Enfant d’une famille d’artistes, sa mère Suzanne Cloutier est une mannequin d’origine canadienne, qui deviendra comédienne et productrice de films, dont « Hair ». Son illustre père, l’écrivain et acteur britannique Peter Ustinov, incontournable dans la filmographie des années 1950 à 2000, est également metteur en scène de pièces de théâtre et producteur de films. Avec eux, il mène la vie de bohème jusque vers ses 15 ans, parcourant le monde au gré des tournages de ses parents.

Après des années collège passées dans la région lémanique, le jeune homme s’en va à Paris faire des études de biologie, qu’il complétera par un brevet de conservatoire en chant lyrique. L’artiste est inspiré et décide de s’ancrer dans la matière en devenant sculpteur.

Ce descendant d’une noblesse russe déracinée a résolument choisi de déposer ses valises en Suisse à la mort de son père, en 2004. Celui-ci était établi à Bursins. Après la dénonciation d’un accord pour l’acquisition d’une propriété dans la région morgienne, il découvrira les plans de sa future maison, au pied du Château de Rue. Il tombera amoureux de l’implantation et du voisinage : lumière et coucher de soleil imprenables garantis.

À près de 67 ans, le sculpteur d’origine britannique a déjà une carrière bien établie. Ses œuvres sont exposées dans les musées de plusieurs pays et se vendent des milliers de francs. La Commune de Neyruz a du reste récemment égayé sa place de la gare par un de ses anges.

Artiste engagé

Quel souffle a bien pu transformer le sculpteur de renom en un start-upper inspiré ? La réponse à cette question renvoie à l’engagement de son père, ambassadeur de bonne volonté auprès de l’Unicef dès la fin des années 1960. Ce dernier y œuvrera pendant 37 ans. Igor se souvient de la réunification de la famille lors des grands galas annuels organisés pour la recherche de fonds, ses trois sœurs étant éparpillées dans différentes écoles, pour représenter une famille modèle pour le public et les médias. Cette cause tenait cependant vraiment une grande place dans le cœur de son paternel et sur son lit de mort, Igor s’est fait la promesse de poursuivre son engagement auprès des enfants dans le cadre de la fondation qu’ils avaient ensemble mis sur pied, la Sir Peter Ustinov Foundation. En visitant un des projets financés par celle-ci, dans la région du Cachemire, en Inde, Igor a le déclic.

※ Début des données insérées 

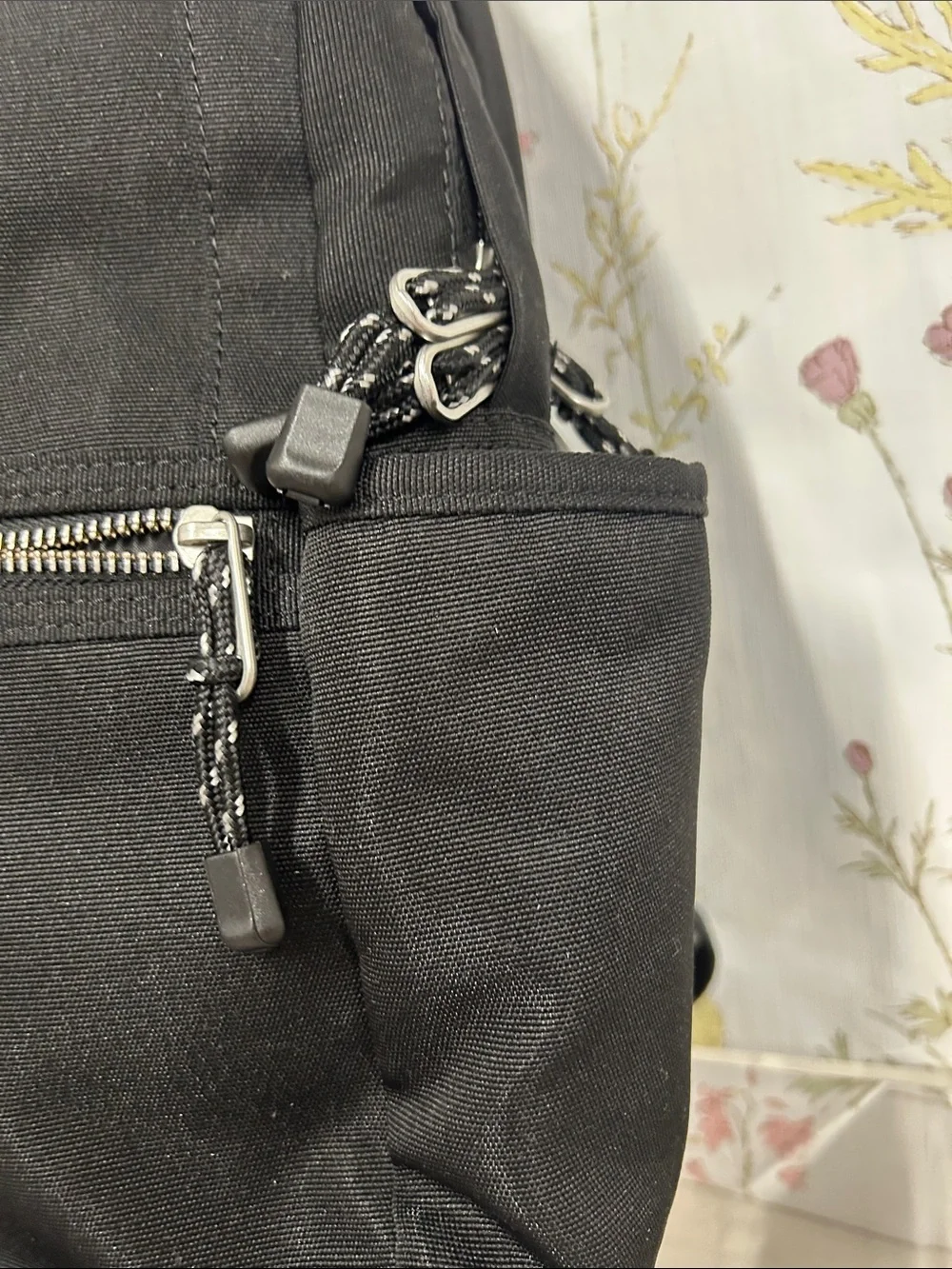 STATE REED Black Backpack with Red Accent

La fondation, qui fêtera ses 25 ans, a vécu des dons des anciens fans de l’acteur avant d’élargir sa base de soutien grâce à ses résultats. Elle finance des projets dans le domaine de l’éducation et de la construction d’écoles. « C’est dans mon rôle de directeur de la fondation, que j’ai eu l’idée de construire des espaces de jeu pour les enfants. Et comme il restait tellement de plastique, jeté dans la rue, j’ai pensé que ce serait une bonne idée d’utiliser ce matériau pour construire des maisons », raconte Igor Ustinov.

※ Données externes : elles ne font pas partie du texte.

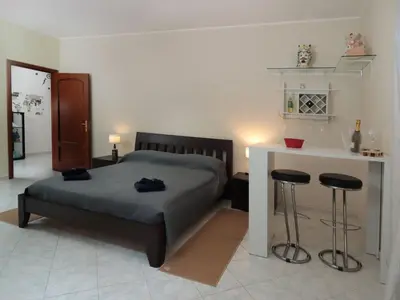 Letto o letti in una camera di Apartment Le Palme in linera by Interhome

À 59 ans, en 2017, il recevait le Prix de l’innovation pour le développement d’un matériau de construction révolutionnaire à partir de PET recyclé. Il entrait alors dans une nouvelle vie.

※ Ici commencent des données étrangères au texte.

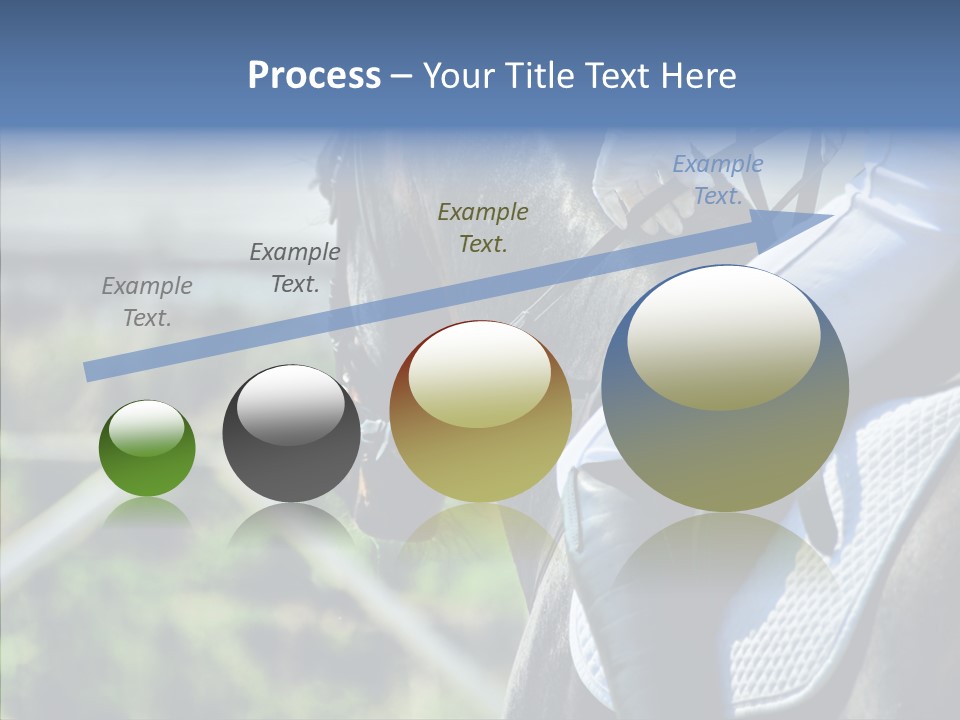 Action Ride Trained PowerPoint Template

Faute de temps, il délaisse son activité de sculpteur pour celle de chef d’entreprise. Il fonde avec un ami ingénieur UHCS (Ustinov Hauss Construction System) Property SA, inscrite au registre du commerce le 2 mars 2020. La société, qui a son siège à Rue, a pour but de rechercher, développer, protéger, détenir et exploiter, notamment sous forme de licences et franchises, des brevets, marques et autres droits de propriété intellectuelle portant sur des systèmes de collecte, de recyclage et de construction modulaire utilisant des matières plastiques telles que le PET, matières composites et autres matières, afin de revaloriser les déchets et promouvoir une économie circulaire. Un des administrateurs est un conseiller financier connu dans le monde des start-ups fribourgeoises, cheville ouvrière de Bluefactory entre autres.

Sur les 320 millions de tonnes produites chaque année – dont seulement 9% sont recyclées –, plus de huit millions finissent dans les océans de la planète. Et cette tendance actuelle n’est pas près de s’inverser. Cette pollution atteint les organismes vivants, humains.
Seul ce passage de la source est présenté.